Terradynamic streamlining inspired from cockroaches enables legged robots to traverse densely cluttered obstacles. (Top) A discoid cockroach rolls its body to the side and quickly maneuvers through narrow gaps between densely cluttered, grass-like beam obstacles. (Bottom) Adding a rounded, ellipsoidal, exoskeletal shell enables the VelociRoACH legged robot to traverse beam obstacles using roll maneuvers, without adding sensors or changing the open-loop control. Photo Credit: Chen Li. Courtesy of PolyPEDAL Lab, Biomimetic Millisystems Lab, and CiBER, UC Berkeley

Imagine these scenarios: disaster strikes and people unreachably trapped beneath remnants of what used to be a building, your grandmother living across the globe breaks her hip and requires home care but refuses to move closer for you to supervise her care, or you’re on vacation and want to clean your factory’s ventilation system or fix your farmland irrigators.
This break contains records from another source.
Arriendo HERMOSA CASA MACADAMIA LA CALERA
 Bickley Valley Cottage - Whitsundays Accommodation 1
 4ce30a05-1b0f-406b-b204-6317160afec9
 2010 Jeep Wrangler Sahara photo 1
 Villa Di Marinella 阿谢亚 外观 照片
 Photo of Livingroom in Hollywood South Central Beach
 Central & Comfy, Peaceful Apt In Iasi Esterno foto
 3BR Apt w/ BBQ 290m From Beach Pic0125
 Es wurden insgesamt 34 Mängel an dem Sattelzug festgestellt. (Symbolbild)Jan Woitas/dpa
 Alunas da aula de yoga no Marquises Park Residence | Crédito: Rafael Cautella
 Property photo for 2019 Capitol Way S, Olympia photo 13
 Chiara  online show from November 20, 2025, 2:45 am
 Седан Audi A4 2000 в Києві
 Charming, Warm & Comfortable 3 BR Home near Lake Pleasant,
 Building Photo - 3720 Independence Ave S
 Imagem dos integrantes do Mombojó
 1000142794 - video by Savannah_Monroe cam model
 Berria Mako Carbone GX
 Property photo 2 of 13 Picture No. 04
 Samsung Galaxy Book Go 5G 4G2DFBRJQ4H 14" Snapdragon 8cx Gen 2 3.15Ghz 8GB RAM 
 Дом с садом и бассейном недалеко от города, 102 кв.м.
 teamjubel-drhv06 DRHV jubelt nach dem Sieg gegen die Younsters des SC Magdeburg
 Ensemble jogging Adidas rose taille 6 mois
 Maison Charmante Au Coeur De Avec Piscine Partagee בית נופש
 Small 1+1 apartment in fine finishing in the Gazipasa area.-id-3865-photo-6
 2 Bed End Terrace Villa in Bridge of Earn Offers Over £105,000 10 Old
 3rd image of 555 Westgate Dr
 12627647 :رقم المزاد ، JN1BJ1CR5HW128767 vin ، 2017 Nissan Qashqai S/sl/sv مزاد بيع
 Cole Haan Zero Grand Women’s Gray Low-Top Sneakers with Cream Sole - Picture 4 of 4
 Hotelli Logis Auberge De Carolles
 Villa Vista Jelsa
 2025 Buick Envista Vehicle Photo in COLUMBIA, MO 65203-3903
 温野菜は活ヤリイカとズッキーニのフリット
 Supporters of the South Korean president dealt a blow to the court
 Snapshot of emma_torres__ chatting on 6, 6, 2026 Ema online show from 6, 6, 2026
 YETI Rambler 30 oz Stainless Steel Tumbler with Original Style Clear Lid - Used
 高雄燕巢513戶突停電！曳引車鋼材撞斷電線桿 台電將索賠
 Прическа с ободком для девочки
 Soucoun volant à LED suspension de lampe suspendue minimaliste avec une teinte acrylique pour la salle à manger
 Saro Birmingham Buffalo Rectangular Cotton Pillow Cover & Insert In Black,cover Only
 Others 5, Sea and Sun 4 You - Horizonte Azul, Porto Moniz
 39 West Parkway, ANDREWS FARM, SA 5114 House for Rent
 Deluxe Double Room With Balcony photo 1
Professor Chen Li has also envisioned all these situations (and more), as he performs research in the new area of terradynamics, which is analogous to aerodynamics and hydrodynamics, to understand how animals move through challenging terrains by effective mechanical interaction with the environment. With his research, he hopes to bridge the gap between the excellent mobility of vehicles on paved roads and the much more limited mobility of robots in complex terrains, as well as use robots as tools to understand how creatures move across complex terrains.

Li explains, “Right now, we begin to have robotic vehicles like the Google self-driving car that effectively overcome obstacles by moving around them. One of the things I’m trying to do is gain more insight on how creatures like insects and reptiles, rather than always avoiding obstacles, take advantage of mechanical contact with the environment to better traverse more difficult terrain like forest floor, mountain boulders, and desert sand. In learning more about their locomotion, we can translate that knowledge in the development of mobile robots that can better go through cluttered building rubble, rooms, factories, and farmlands to help humans.” (See Movie for an example.)

His interest in animals began at a young age with a fascination by his pet animals and nature documentaries. Yet when he began his undergraduate career at Georgia Tech, he chose a path in materials physics, thinking that it would lead to a career in industry. His plan was disrupted when his rotation took him to Prof. Dan Goldman’s Complex Rheology And Biomechanics (CRAB) Lab.

Prof. Goldman was in the beginning stages of research on the physics of locomotion on challenging ground like sand, and Li’s childhood interest resurfaced as he took a leap of faith and joined Goldman full-time. The story writes itself from there – Li went on to perform postdoctoral research at UC Berkeley with guidance from Professors Robert Full (Biologist) and Ron Fearing (Roboticist). Li will join the Mechanical Engineering Department here at JHU in January 2016.

Professor Li is establishing the Terradynamics Lab here and will continue to systematically research the movement science at the interface of biology, robotics, and physics. He eventually sees a world where, similar to animals, robots can effectively move through all kinds of complex terrains to perform challenging tasks. Databases of terradynamics that describe contact mechanics and predict effective terrestrial movement will be shared among robots via the cloud, to allow them to go beyond where a single robot ever could.

Who knows? The time when robots can serve as human companions – performing search and rescue missions, providing home services, and monitoring and manipulating complex environments in both urban and rural settings might be closer than we think.